In many ways, it is like the hardtop coupe version of the E-type - which sold better than the convertible. Its styling is all trousers. Or, to put it in a car context, it is all long bonnet, short cabin, short tail. The body is like a giant cowling for the engine, with exiguous cabin thrown in for free. It even drives like an E-type - powered by a hugely gutsy, big, straight-six engine, which gives monstrous power when commanded. Yet the steering is rather vague, and the ride is so firm that, on occasion, you can really feel broken Tarmac kicking your backside. Also, you drive behind that long, long bonnet - just as with an E-type. You feel you're riding a missile as much as driving a car.

The cockpit, too, is rather cobbled together, without that homogenous feel of a mass-made, carefully conceived, beautifully hewn BMW 3-series or 5-series.

The pull-out headlamp switch is straight out of the Sixties. However, the pedals are grouped far too close together, so that those who are big of foot will find the M Coupe rather hard to drive. And the steering wheel is incongruously big, which doesn't help the steering feel, and underlines the view that you're driving a modern iteration of a classic car, as opposed to a brand-new 1999 supercar.

As for carrying space, there is virtually none. Just a small hatchback boot. There is no back seat. However, this is no car for carrying; it is a car for driving. And what huge fun it is to punt along a winding B-road! The 3.2-litre straight six, borrowed from the M3, is one of the world's great motors. It can rev from tick-over to well over 7,000rpm with sublime ease and inspirational musical accompaniment. And yet this is a vehicle that can tootle along as gently as the most nondescript hatchback.

Bury the throttle, at any moment, and the car's mien will be transmogrified. One kick of the accelerator pedal is enough to stir the devil. And what acceleration! Going from 0-60mph in less than five seconds makes the M Coupe the fastest-accelerating BMW of them all. The action doesn't stop until a limiter spoils the fun at 155mph. This is an outrageously fast car.

In fact it is an outrageous car, period. It looks disjointed, unnatural and small - apart from that long nose - with wide wings covering huge wheels and tyres that look too big for the body.

It has a graceful front, identical to that of the Z3 roadster, which gives way - aft of the roof - to a stumpy, abrupt tail. It is not a beautiful car. But it is a very striking car. I have driven few cars that have turned heads faster.

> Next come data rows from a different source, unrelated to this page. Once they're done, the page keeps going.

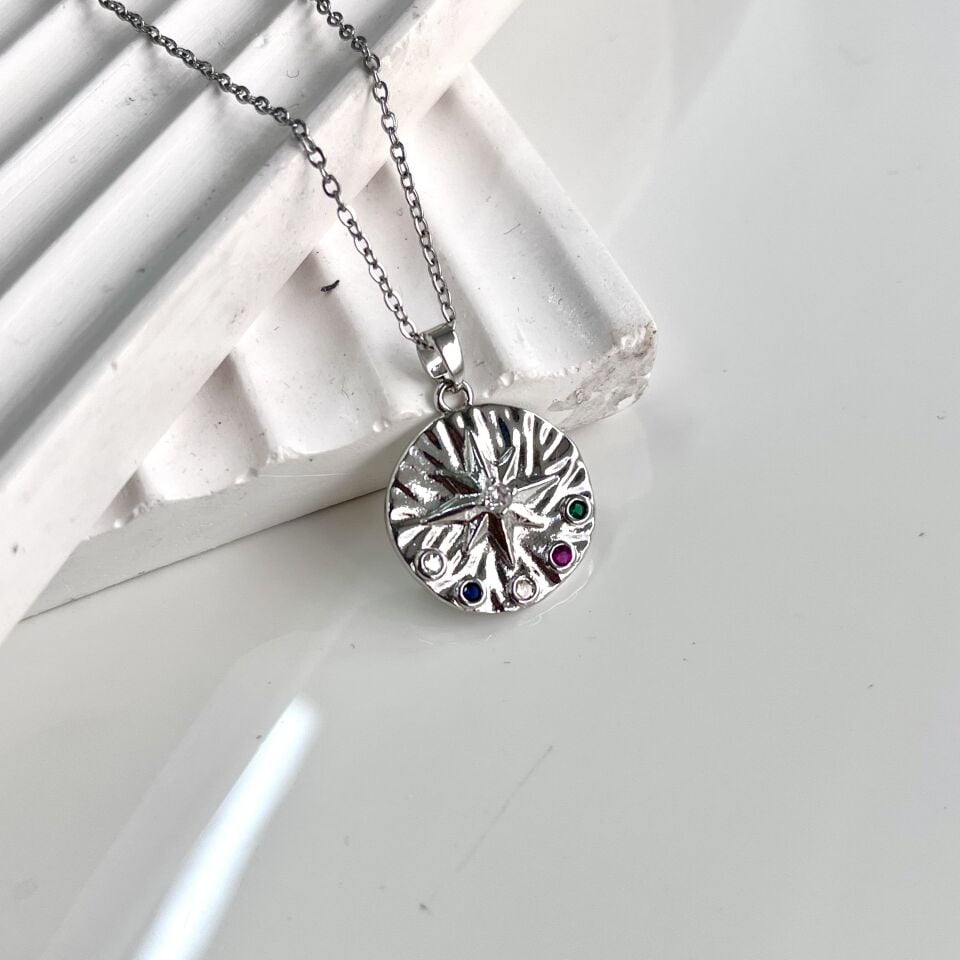 Çelik Taşlı Yıldız Kolye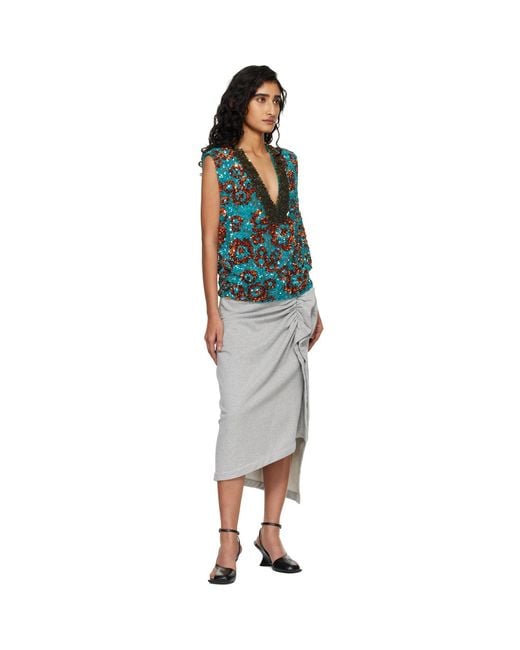 Dries Van Noten Blue Sequinned Top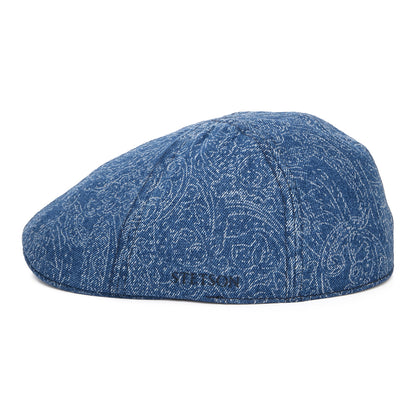 Gorra plana Texas Ornitorrinco de tejido vaquero estampado cachemira de Stetson - Azul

Its unconventionality is also one of its great appeals. European car manufacturers are going through a terribly sensible, self-righteous phase just now. There are few "hero" cars - madcap machines that make you feel good, even if they make little sense. But the M Coupe is such a car. It is a testament to the go-it-alone bravery of BMW as much as it is to BMW's engineers for being able to produce such an excitingly individualistic machine.

And if you fancy a roadster version, to bring us back to the E-type analogy, BMW can oblige. The M Roadster version is the same price, and mechanically identical. However, the M Coupe is the better car. Replacing the soft- top roof with a big plank of steel hugely increases the car's torsional stiffness, greatly improving handling and road behaviour. Besides, there is something far more individual about the coupe. There are many other small, fast convertibles. But there are no other modern high-performance coupes quite like this one. It makes no sense. But how it plays with your senses - serenading you, charming you. It is like a big toy, and it is no more logical than most other toys. But what a toy!

Specifications

Make, model and price: BMW M Coupe pounds 40,595. Engine: 3201cc, straight-six engine, 24 valves, 321bhp at 7400rpm. Transmission: Five- speed manual gearbox, rear-wheel drive. Performance: Maximum speed 155mph (governed), 0-60mph in 4.8 seconds, 25mpg.

rivals

Lotus Esprit GT3 pounds 40,125. Mid-engined plastic-bodied British star. Fast and handles well, but lacks the quality of the BMW and isn't as exciting to drive.

Mitsubishi 3000GT pounds 45,800. Hugely competent but strangely anodyne car. Great for high-speed blasts across country, but no real fun for the driver.

Nissan Skyline GTR pounds 50,000. Nissan unlike any other. Awesomely fast, outstandingly capable, incredibly high-tech. One of the world's great cars.

TVR Cerbera 4.2 V8 pounds 41,100. Rather BMW-like in manners and design, but far more handsome. Mind you, quality is not up to BMW standards.